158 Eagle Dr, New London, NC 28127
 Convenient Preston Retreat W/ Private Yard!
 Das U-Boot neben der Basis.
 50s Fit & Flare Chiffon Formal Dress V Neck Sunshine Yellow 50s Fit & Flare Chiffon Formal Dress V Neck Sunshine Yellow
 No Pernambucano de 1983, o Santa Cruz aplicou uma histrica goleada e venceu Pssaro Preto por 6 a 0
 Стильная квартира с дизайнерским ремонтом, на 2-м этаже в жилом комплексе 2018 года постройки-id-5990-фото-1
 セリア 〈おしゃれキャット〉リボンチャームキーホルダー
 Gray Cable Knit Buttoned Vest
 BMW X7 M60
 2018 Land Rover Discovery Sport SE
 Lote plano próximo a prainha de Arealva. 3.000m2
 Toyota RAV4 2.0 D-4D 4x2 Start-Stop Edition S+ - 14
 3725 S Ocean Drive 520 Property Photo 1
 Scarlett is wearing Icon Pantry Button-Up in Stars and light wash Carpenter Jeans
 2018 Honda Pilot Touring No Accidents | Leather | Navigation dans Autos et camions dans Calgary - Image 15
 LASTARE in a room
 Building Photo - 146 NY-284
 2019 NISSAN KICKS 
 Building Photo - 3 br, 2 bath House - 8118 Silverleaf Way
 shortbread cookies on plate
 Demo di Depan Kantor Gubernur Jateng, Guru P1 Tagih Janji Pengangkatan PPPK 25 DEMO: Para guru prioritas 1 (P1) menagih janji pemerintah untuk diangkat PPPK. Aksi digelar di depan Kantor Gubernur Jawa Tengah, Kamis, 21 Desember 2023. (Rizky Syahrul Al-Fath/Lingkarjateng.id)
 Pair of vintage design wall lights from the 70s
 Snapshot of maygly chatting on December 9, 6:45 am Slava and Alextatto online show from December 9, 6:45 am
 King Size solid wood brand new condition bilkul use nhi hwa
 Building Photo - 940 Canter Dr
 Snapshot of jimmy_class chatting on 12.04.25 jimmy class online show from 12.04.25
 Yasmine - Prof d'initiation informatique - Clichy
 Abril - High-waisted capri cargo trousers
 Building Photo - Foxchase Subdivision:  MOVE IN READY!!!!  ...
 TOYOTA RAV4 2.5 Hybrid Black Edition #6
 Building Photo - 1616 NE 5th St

EXERCISE PROMPT →
When the word "from" turns up on a line of the material above, copy that line.

SOLVED EXERCISE →
 Pair of vintage design wall lights from the 70s
 Snapshot of maygly chatting on December 9, 6:45 am Slava and Alextatto online show from December 9, 6:45 am
 Snapshot of jimmy_class chatting on 12.04.25 jimmy class online show from 12.04.25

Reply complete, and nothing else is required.